__What to produce__: Write out the records beneath this line exactly as they appear, minus any images.
◆ ◆ ◆ ◆ ◆
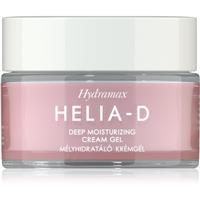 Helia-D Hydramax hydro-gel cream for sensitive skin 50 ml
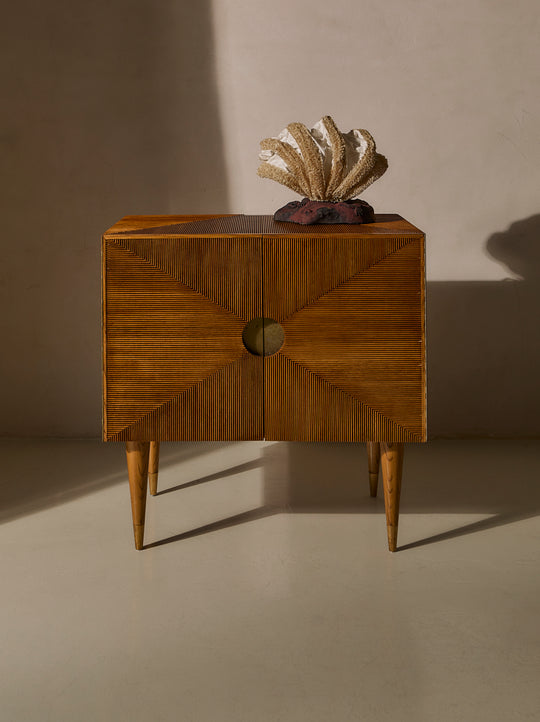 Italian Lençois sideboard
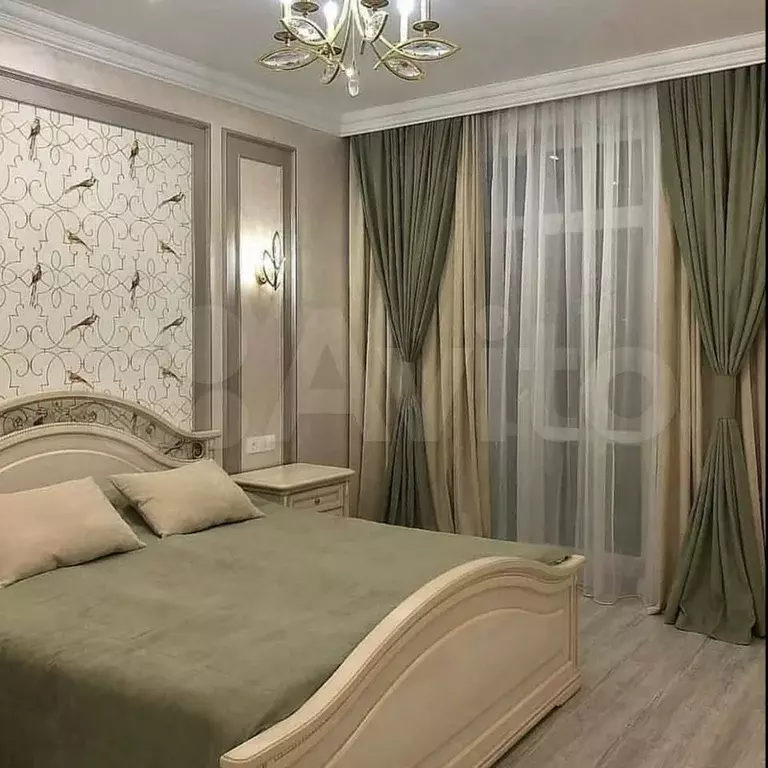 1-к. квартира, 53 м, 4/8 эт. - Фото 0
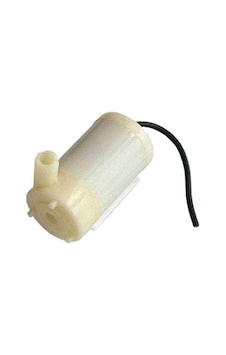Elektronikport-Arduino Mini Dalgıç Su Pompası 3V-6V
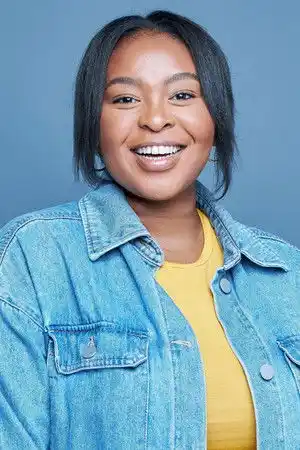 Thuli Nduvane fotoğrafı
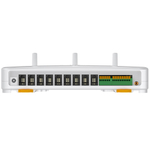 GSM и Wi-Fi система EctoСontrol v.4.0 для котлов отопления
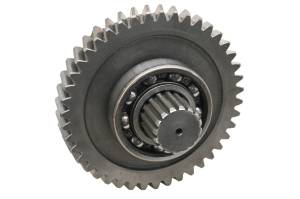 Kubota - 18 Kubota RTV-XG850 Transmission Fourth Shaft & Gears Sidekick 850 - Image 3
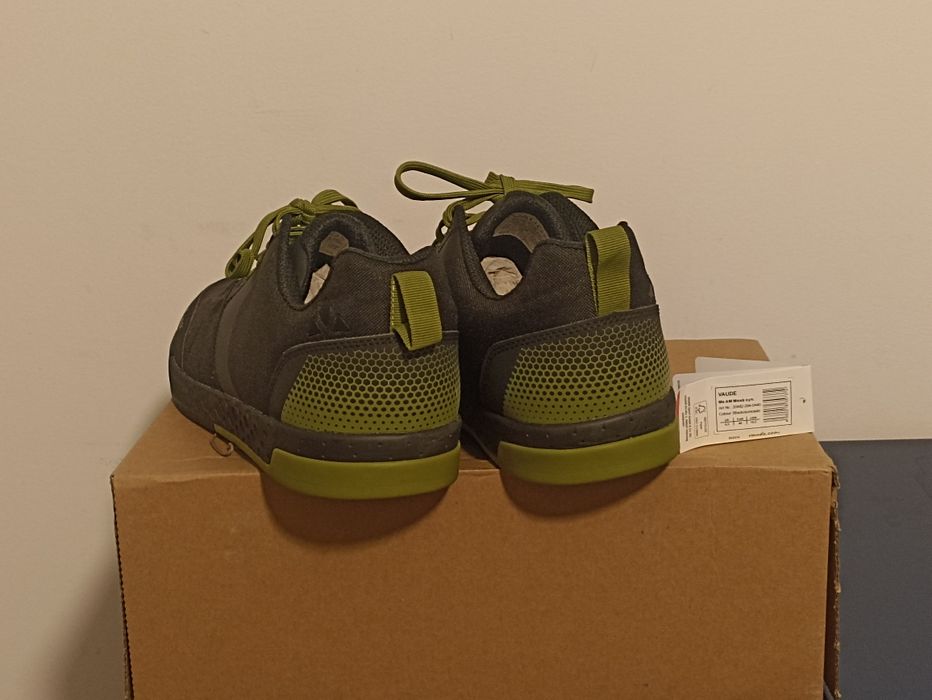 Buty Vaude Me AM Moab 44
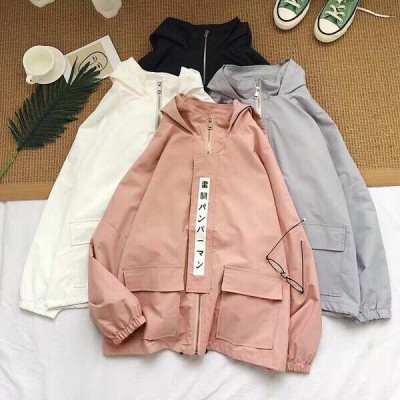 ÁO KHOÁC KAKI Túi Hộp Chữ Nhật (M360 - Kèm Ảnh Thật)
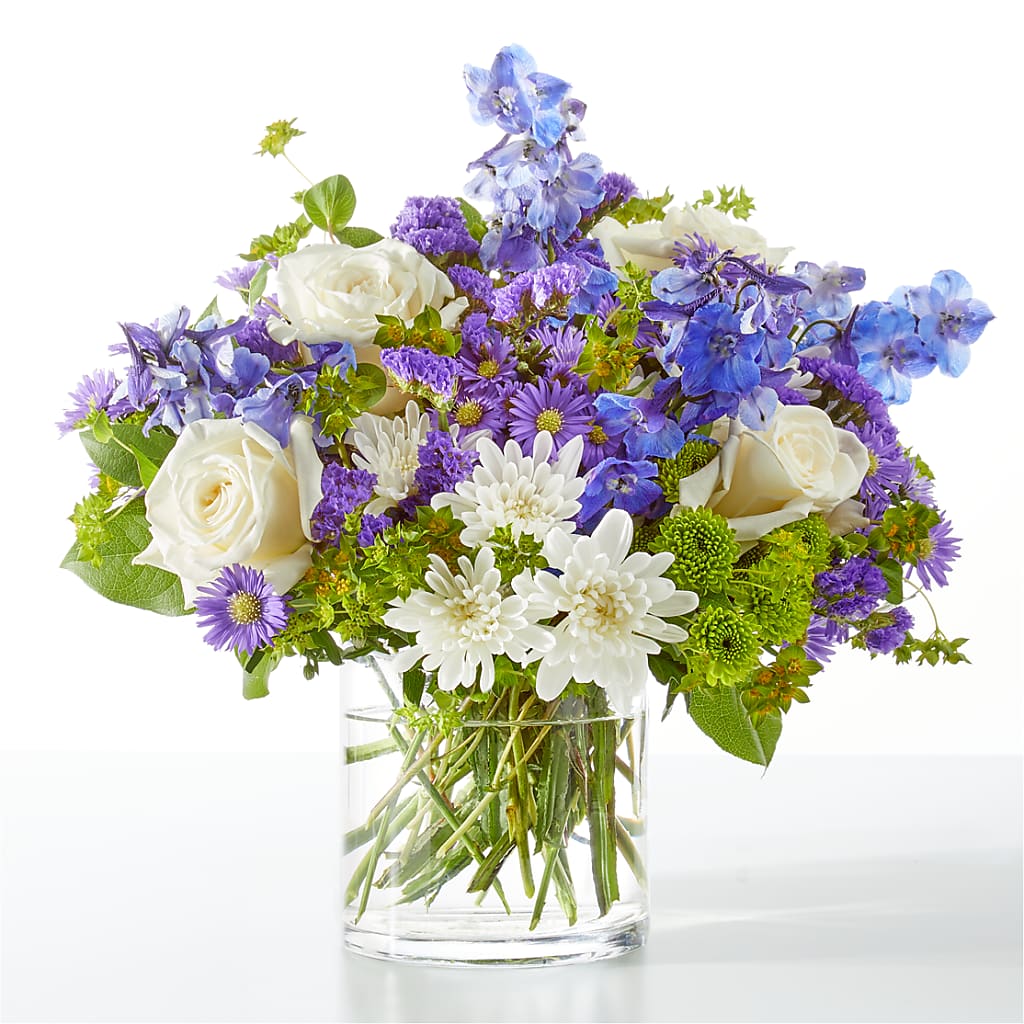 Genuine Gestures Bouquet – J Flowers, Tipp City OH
◆ ◆ ◆ ◆ ◆
__Response to the task__:
 Helia-D Hydramax hydro-gel cream for sensitive skin 50 ml
 Italian Lençois sideboard
 1-к. квартира, 53 м, 4/8 эт. - Фото 0
Elektronikport-Arduino Mini Dalgıç Su Pompası 3V-6V
 Thuli Nduvane fotoğrafı
 GSM и Wi-Fi система EctoСontrol v.4.0 для котлов отопления
 Kubota - 18 Kubota RTV-XG850 Transmission Fourth Shaft & Gears Sidekick 850 - Image 3
 Buty Vaude Me AM Moab 44
 ÁO KHOÁC KAKI Túi Hộp Chữ Nhật (M360 - Kèm Ảnh Thật)
 Genuine Gestures Bouquet – J Flowers, Tipp City OH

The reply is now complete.